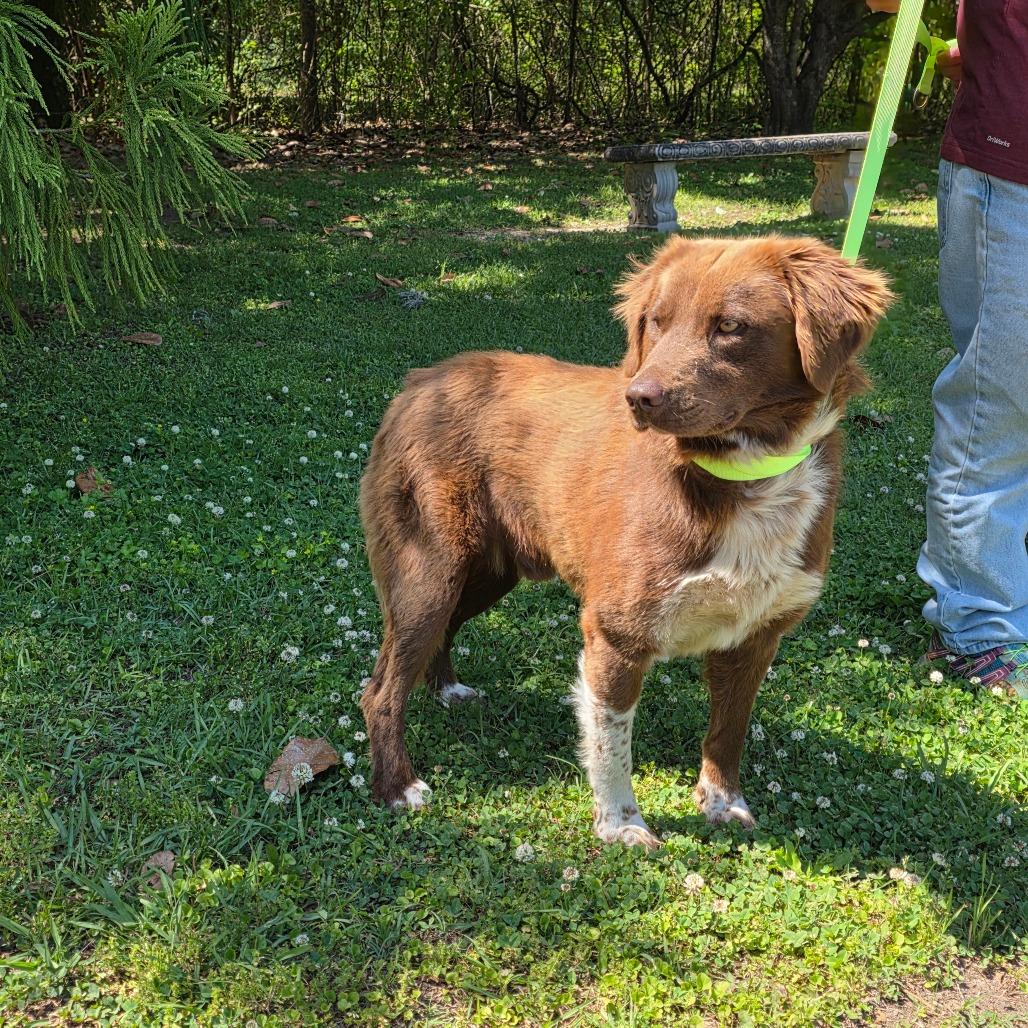 Enlarge Mocha, a Adoptable mixed breed in Clanton, AL image 2/4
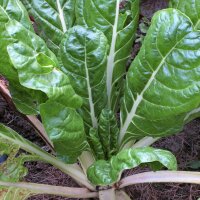 Witte snijbiet Glatter Silber (Beta vulgaris) bio zaad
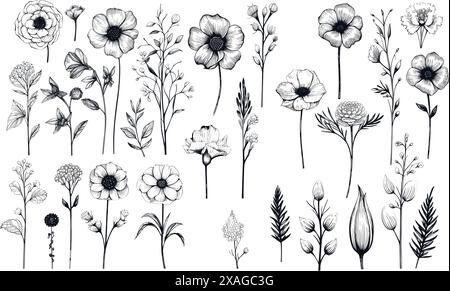 Una collezione di fiori disegnati di vario tipo Illustrazione Vettoriale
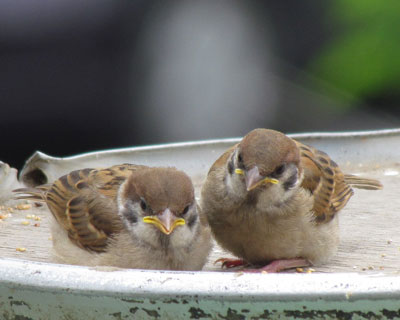 ���͂���C�ɂȂ�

***

When you return the listing, keep it exact and omit any pictures it holds.

 Enlarge Mocha, a Adoptable mixed breed in Clanton, AL image 2/4
 Witte snijbiet Glatter Silber (Beta vulgaris) bio zaad
 Una collezione di fiori disegnati di vario tipo Illustrazione Vettoriale
 ���͂���C�ɂȂ�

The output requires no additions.